### Working data
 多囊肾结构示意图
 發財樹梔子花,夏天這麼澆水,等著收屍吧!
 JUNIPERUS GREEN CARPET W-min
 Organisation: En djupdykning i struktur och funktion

==

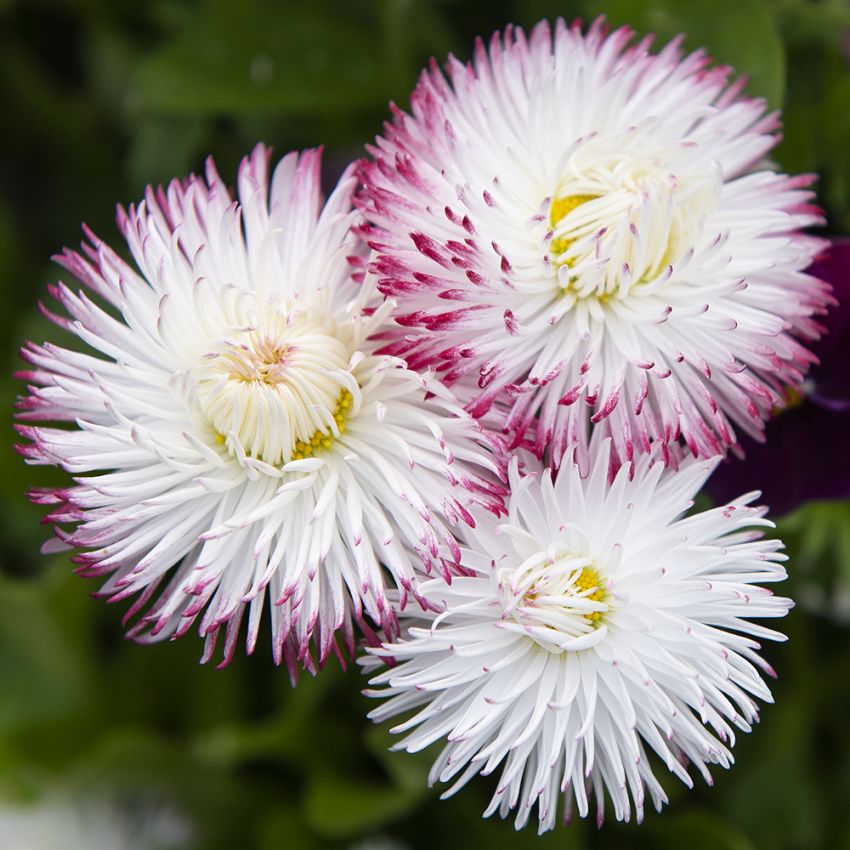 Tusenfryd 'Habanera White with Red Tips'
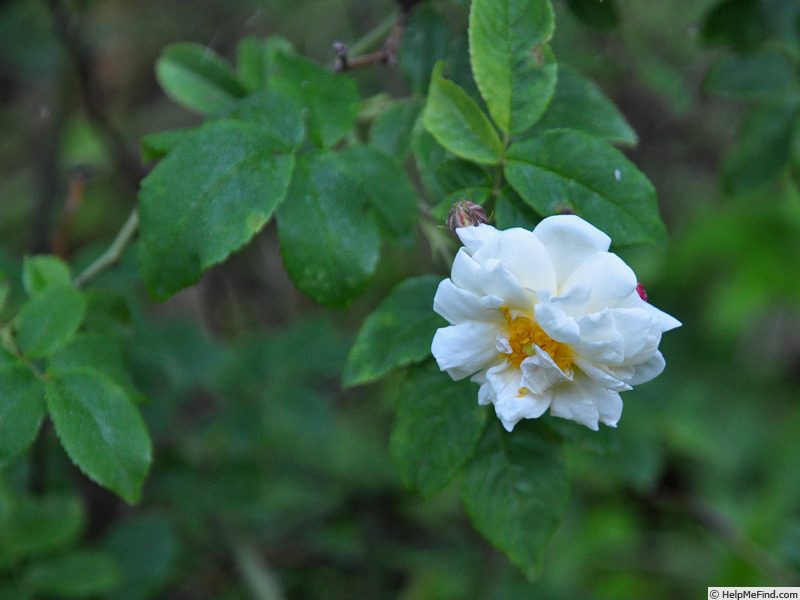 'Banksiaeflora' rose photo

### The task
Transcribe the records above from the line holding "發財樹梔子花,夏天這麼澆水,等著收屍吧!" down to the line holding "Organisation: En djupdykning", inclusive, without adding anything.

### Solution for this problem
 發財樹梔子花,夏天這麼澆水,等著收屍吧!
 JUNIPERUS GREEN CARPET W-min
 Organisation: En djupdykning i struktur och funktion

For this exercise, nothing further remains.